Emerging from a cloud of smoke and tear gas, a protester screams his defiance of the Tehran regime.

Emerging from a cloud of smoke and tear gas, a protester screams his defiance of the Tehran regime. AP

Street protests hit Iran for a third day running, spreading to the capital Tehran with crowds confronting police and attacking state buildings.

Social media reports say at least two demonstrators had been shot dead in a provincial town.

The wave of anti-government demonstrations, prompted in part by discontent over economic hardship and alleged corruption, are the most serious since months of unrest in 2009 that followed the disputed re-election of then-President Mahmoud Ahmadinejad.

Saturday’s protests coincided with state-sponsored rallies staged across the Islamic Republic to mark the final suppression of the 2009 unrest by security forces, with mass pro-government events in Tehran and Mashhad, Iran’s second city.

Pro-government rallies were held in some 1,200 cities and towns in all, state television reported.

At the same time, anti-government demonstrations broke out anew in a string of cities.

In Tehran, until now untroubled by anti-government demonstrations, protesters confronted and stoned riot police around the main university, with pro-government crowds nearby.

Videos posted on social media from the western town of Dorud showed two young men lying motionless on the ground, each covered with blood. A voiceover said they had been shot dead by riot police.

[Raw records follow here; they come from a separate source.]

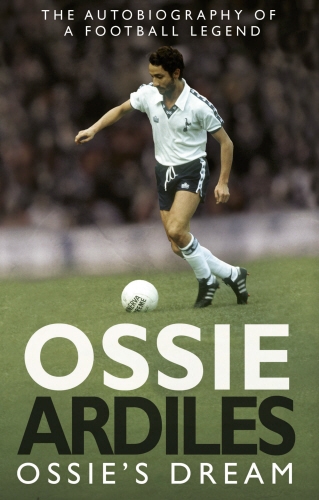 Book cover of Ossie's Dream by Ossie Ardiles
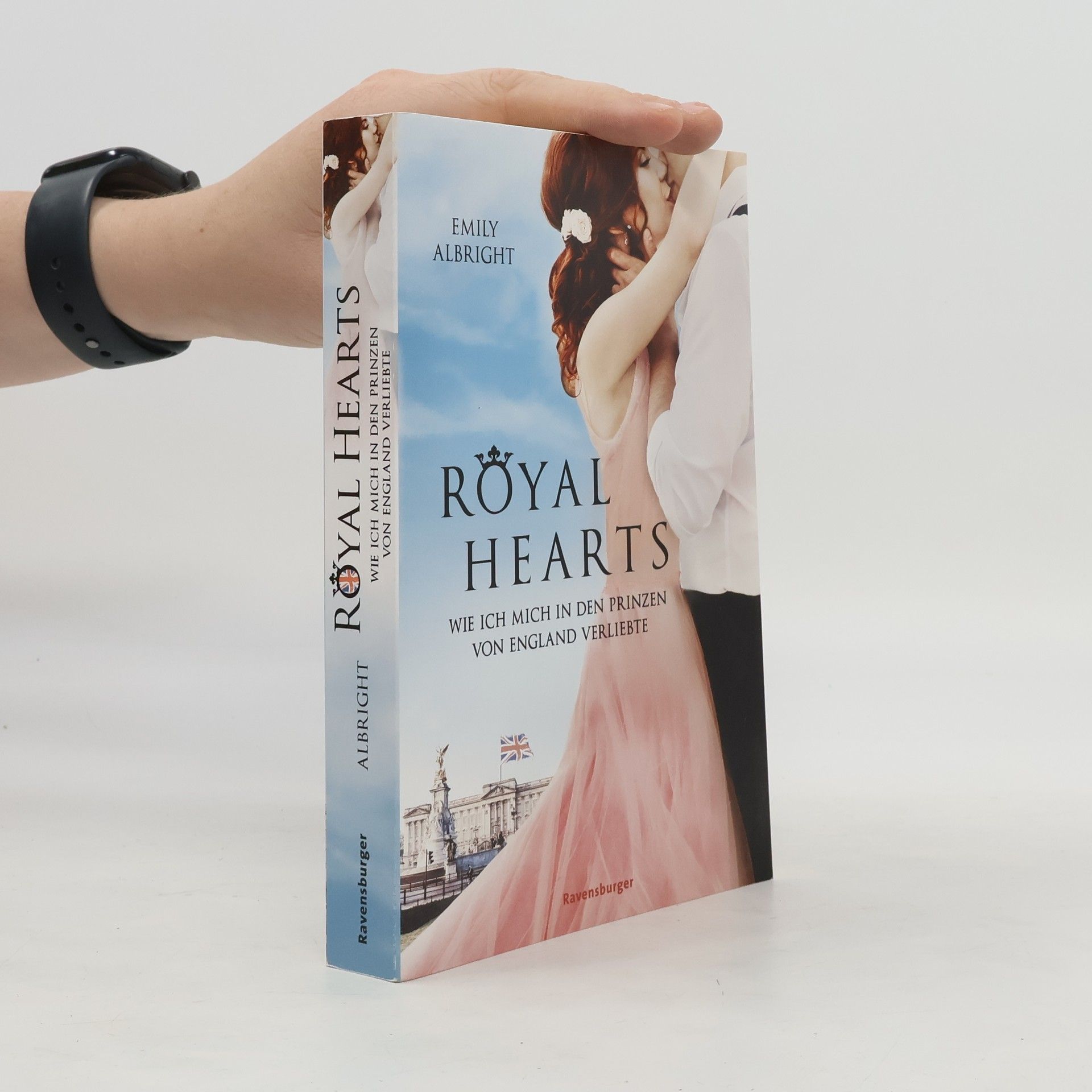 Emily Albright Royal Hearts. Wie ich mich in den Prinzen von England verliebte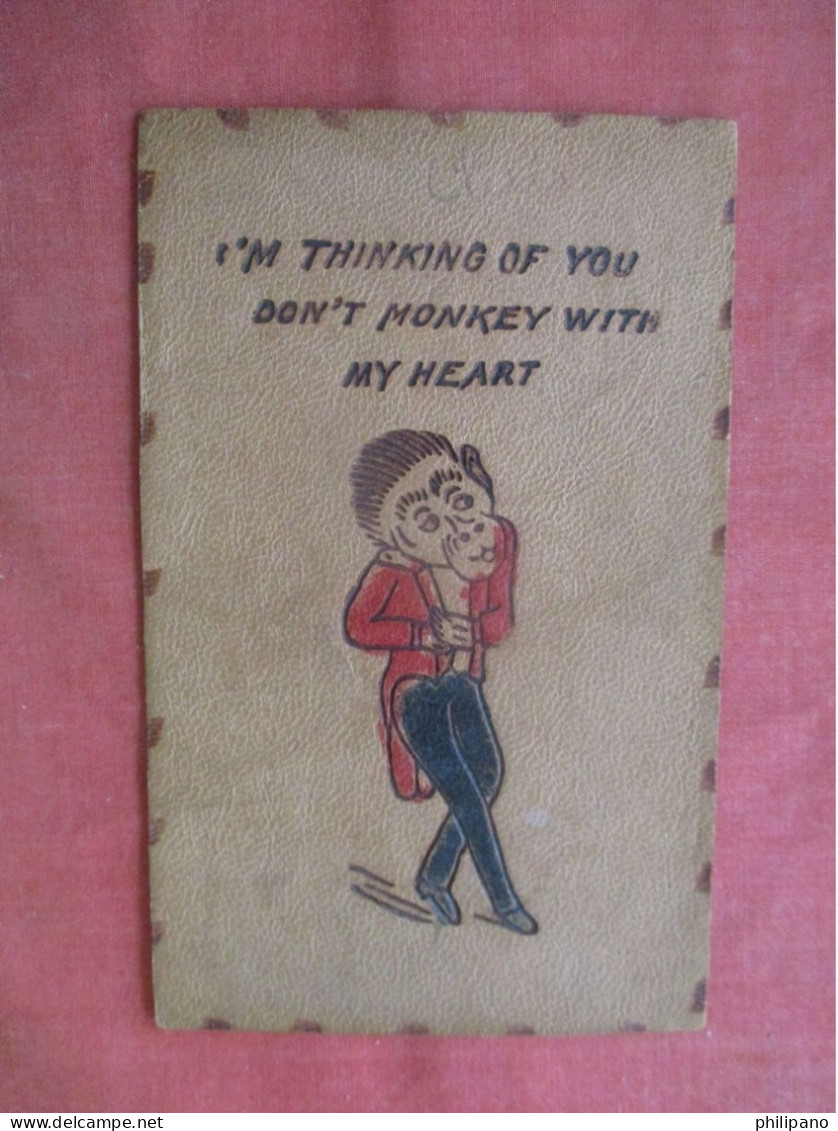 Leather Card. I'm Thinking   Of You Don't Monkey With My Heart          Ref 6197 - Miami Beach
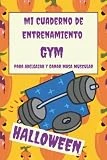Mi Cuaderno de Entrenamiento Gym Halloween para Adelgazar y Ganar Masa Muscular: Agenda Bloc de Seguimiento de Ejercicios en el Gimnasio o en Casa ... y Mejorar Nuestra Salud Física y Mental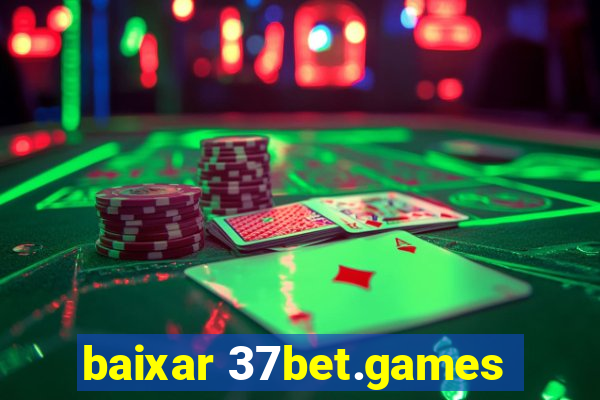 baixar 37bet.games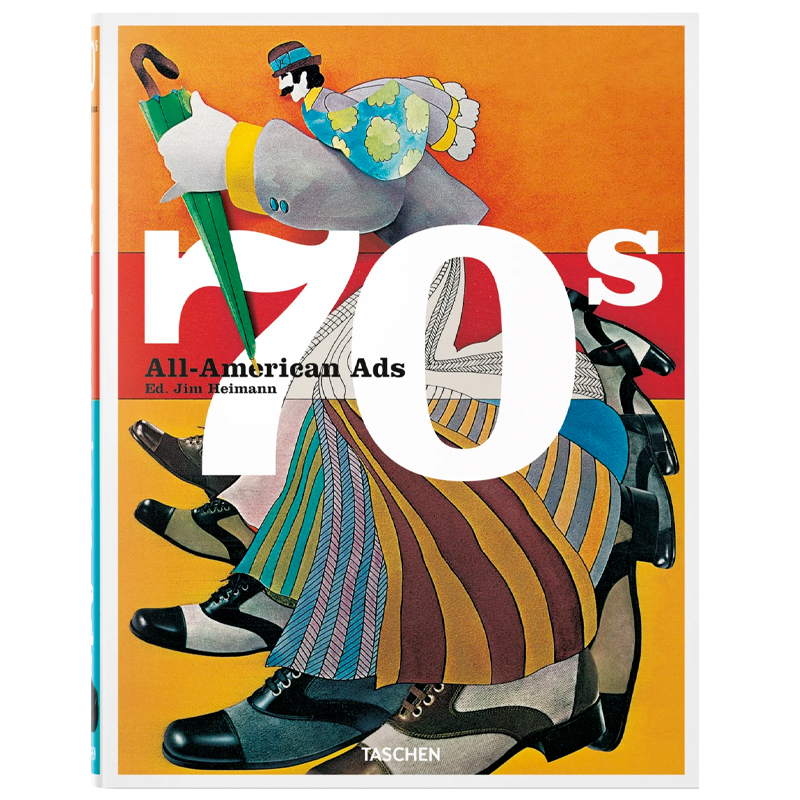 Heller Steven All-American Ads of the 70s Heller Steven All-American Ads of the 70s в Волгограде | Loft Concept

Other protesters in the video chanted, “I will kill whoever killed my brother!” The video, like others posted during the current protest wave, could not be immediately authenticated.

In earlier footage, marchers in Dorud shouted, “Death to the dictator,” referring to Supreme Leader Ayatollah Ali Khamenei.

Social media video from Mashhad showed protesters overturning a riot police car and police motorcycles set ablaze.

In Tehran, the semi-official news agency Fars said up to 70 students gathered in front of its main university and hurled rocks at police, also chanting, “Death to the dictator.”

According to unverified social media reports, this is the court complex in the city of Kerman going up in flames.

Social media footage showed riot police using clubs to disperse more protesters marching in nearby streets, and arresting some of them. The student news agency ISNA said police shut two metro stations to prevent more protesters arriving.

In Tehran and Karaj west of the capital, protesters smashed windows on state buildings and set fires in the streets.

Images carried by the semi-official news agency Tasnim showed burning garbage bins and smashed-up bus shelters in the street lining the university after the protests subsided.

The United States condemned the scores of arrests of protesters reported by Iranian media since Thursday.

President Donald Trump tweeted, “The entire world understands that the good people of Iran want change, and, other than the vast military power of the United States, that Iran’s people are what their leaders fear the most.”

State media quoted Foreign Ministry spokesman Bahram Qassemi as saying in response to an earlier Trump tweet criticising the arrests: “The Iranian people see no value in the opportunistic claims by American officials and Mr. Trump.”